*** Begin section ***
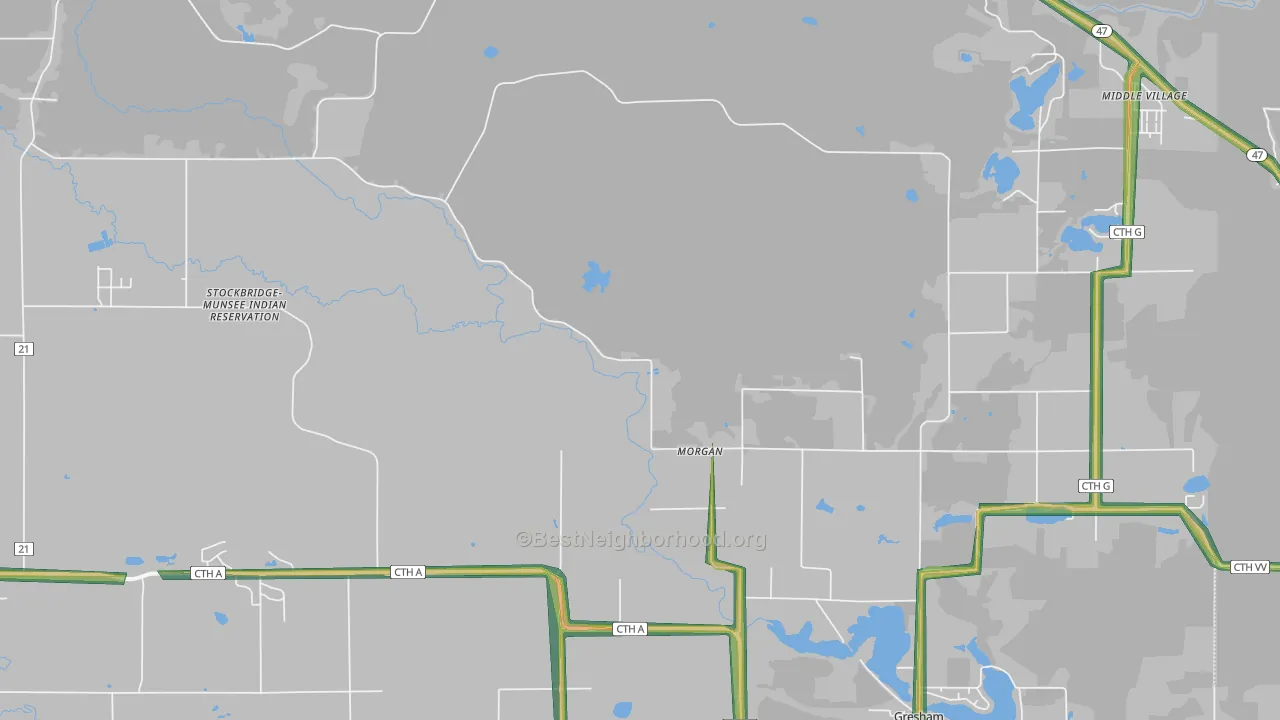 Morgan, WI Map of Noise Levels in Morgan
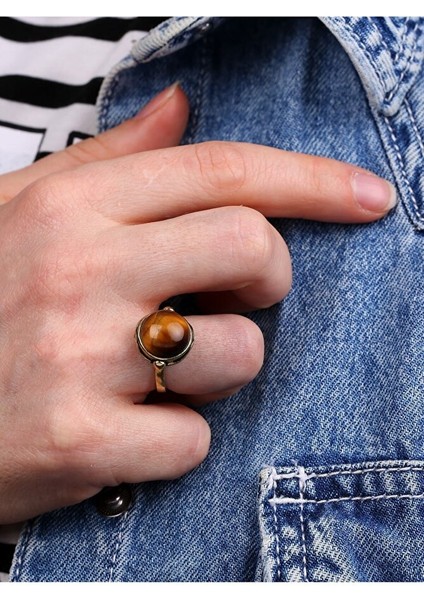 Doğal Taş Kaplan Gözü Doğal Taşlı Ayarlanabilir Yuvarlak Taşlı Yüzük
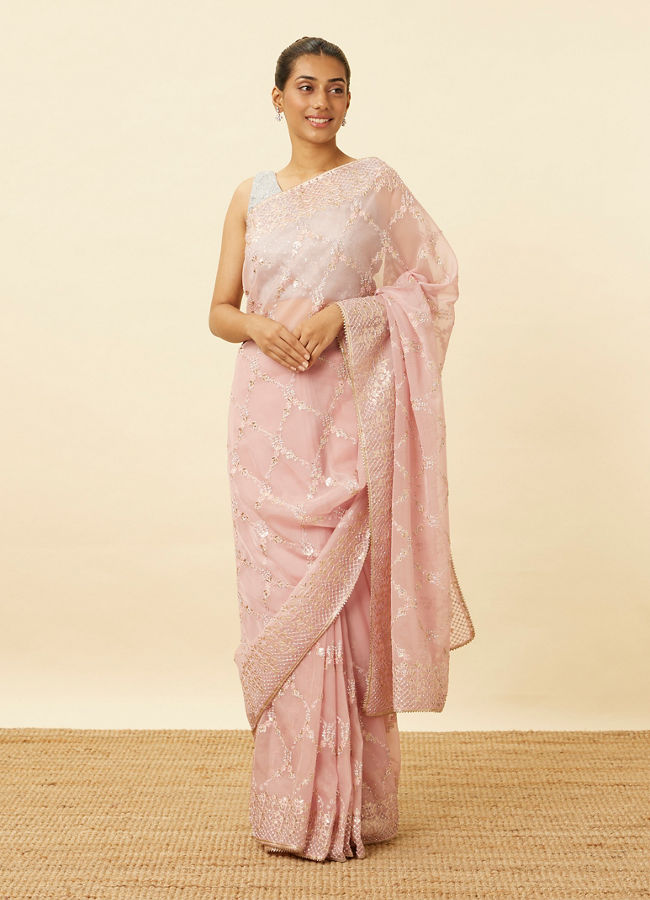 Mohey Women Fairy Tale Pink Saree with Floral Patterns image number 0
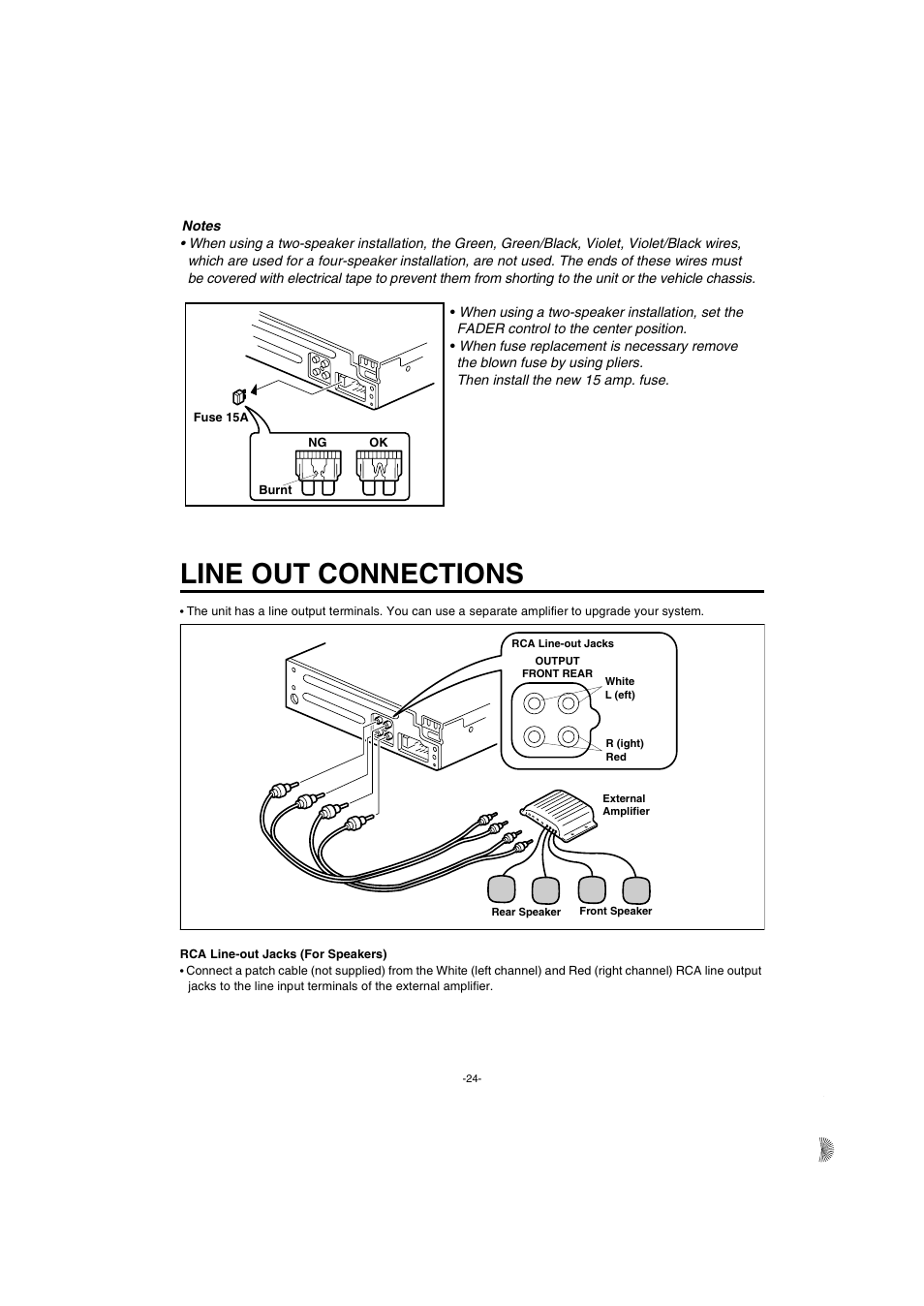 Line out connections | Sanyo FXCD-550 User Manual | Page 25 / 27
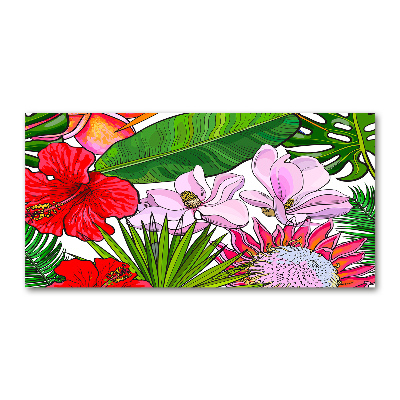 Tableau en acrylique Fleurs hawaïennes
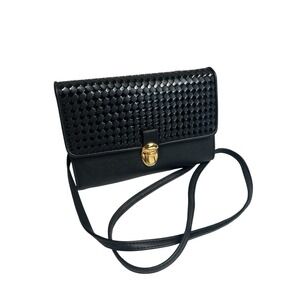 Rosetti Black Basketweave Convertible Whopper Crossbody Clutch Wallet + Cosmetic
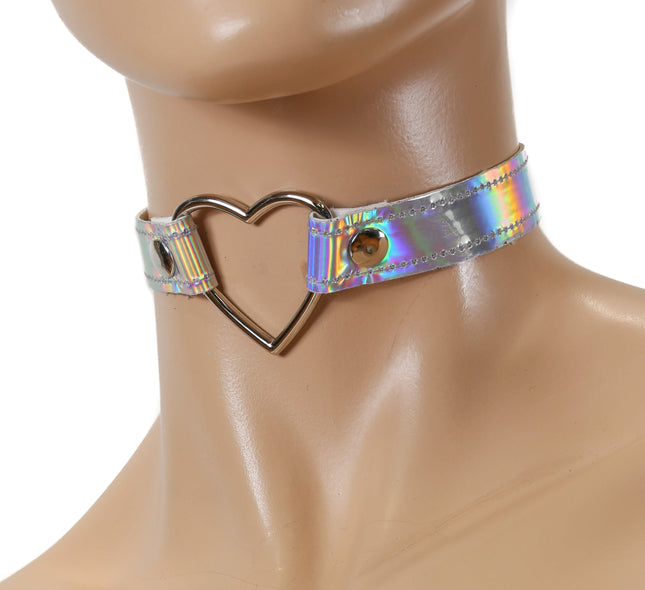 FC223RAINBOW MIDDLE HEART RING RAINBOW CHOKER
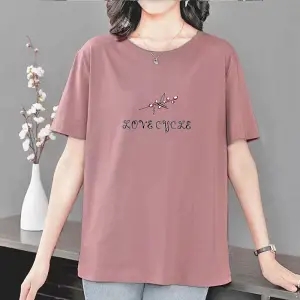 夏季新款纯棉大码妈妈装上衣T恤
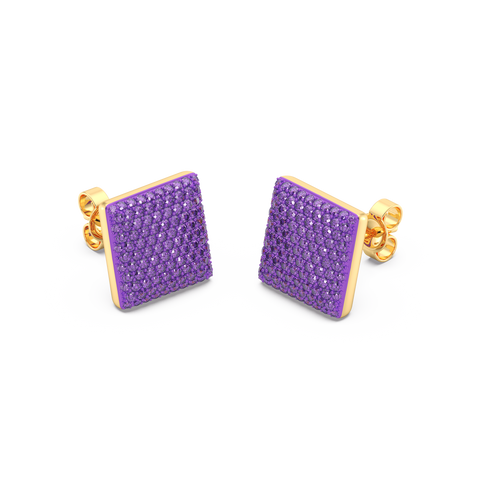 Cube Studs in Purple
*** End section ***
What to produce — Please give the data again in full, exactly as written, but without any images.

Result —
 Morgan, WI Map of Noise Levels in Morgan
 Doğal Taş Kaplan Gözü Doğal Taşlı Ayarlanabilir Yuvarlak Taşlı Yüzük
 Mohey Women Fairy Tale Pink Saree with Floral Patterns image number 0
 Line out connections | Sanyo FXCD-550 User Manual | Page 25 / 27
 Tableau en acrylique Fleurs hawaïennes
 Rosetti Black Basketweave Convertible Whopper Crossbody Clutch Wallet + Cosmetic
 FC223RAINBOW MIDDLE HEART RING RAINBOW CHOKER
 夏季新款纯棉大码妈妈装上衣T恤
 Cube Studs in Purple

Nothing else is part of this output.